Q: If we want low spread, why not use a single hash?

A single hash works well only if:

all clients see identical membership

Under inconsistent views:

small topology differences can cause large mapping divergence

Hash families create probabilistic overlap between client views.

Q: Are the hash functions tuned dynamically?

Usually no.

They are generally:

fixed
deterministic
pseudo-random
globally agreed upon

The system relies on probabilistic guarantees.

Q: How does rebalance work when a new node is added?

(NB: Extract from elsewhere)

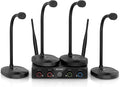 MELONARE 4-Channel Wireless Conference Microphone System MWM-41-4G | 4 gooseneck mics, 4 x 10 frequencies, 200 ft range, UHF cordless setup for lecture, church, conference and public speaking by MELONARE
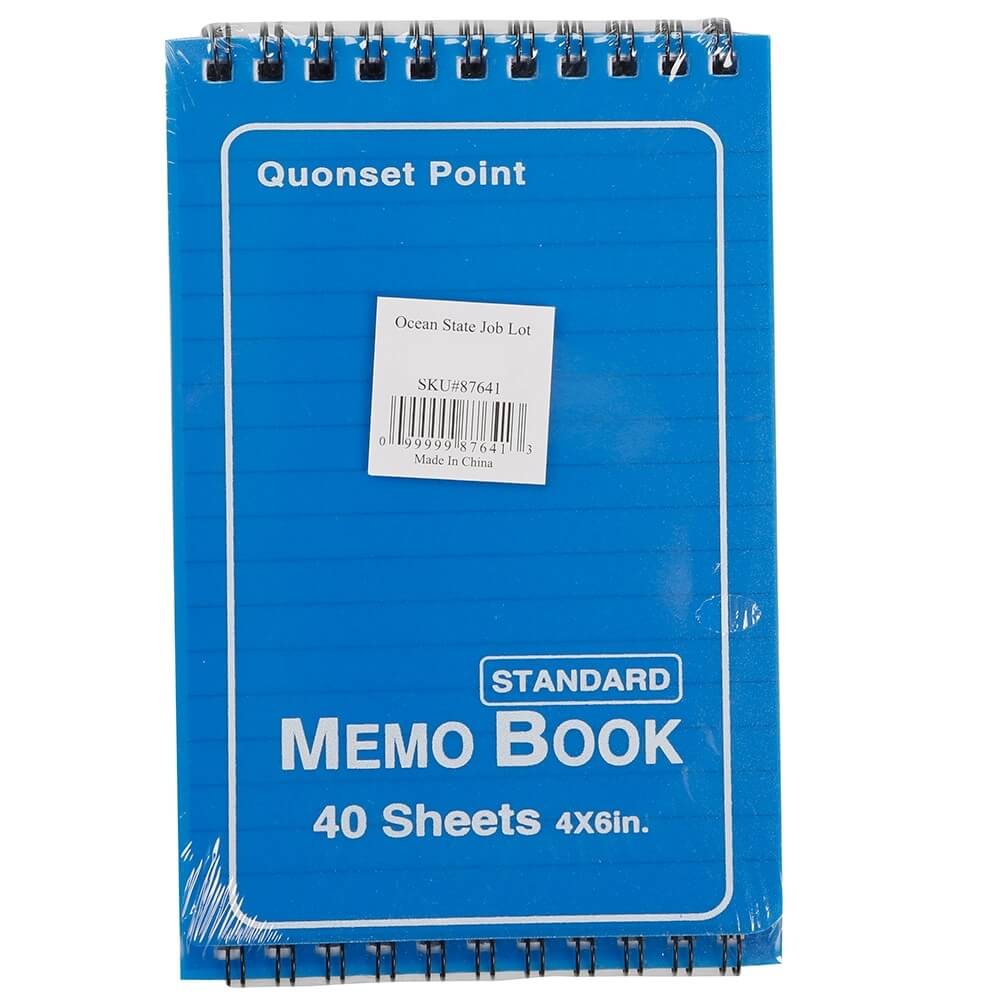 Standard Top Spiral 4" x 6" Memo Book, 3-Count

Only nearby ownership changes.

Example:

(100,300] moves from C2 -> C4

All other keys remain untouched.

Q: What happens when a node goes down?

Its ownership range is inherited by the next node clockwise.

Example:

C2 dies
C3 inherits C2's interval

Q: If there is no replication and a node dies, is there data loss?

Yes.

Consistent hashing solves:

routing
placement
smooth rebalance

It does NOT solve:

durability
fault tolerance
availability

Without replication:

node death = permanent data loss

Q: What are virtual nodes (vnodes)?

Instead of:

1 physical node = 1 position

use:

1 physical node = many virtual positions

This smooths distribution and reduces imbalance.

Deepest Takeaway

The real core idea is:

small topology changes should cause small ownership changes.

The ring is only one implementation strategy.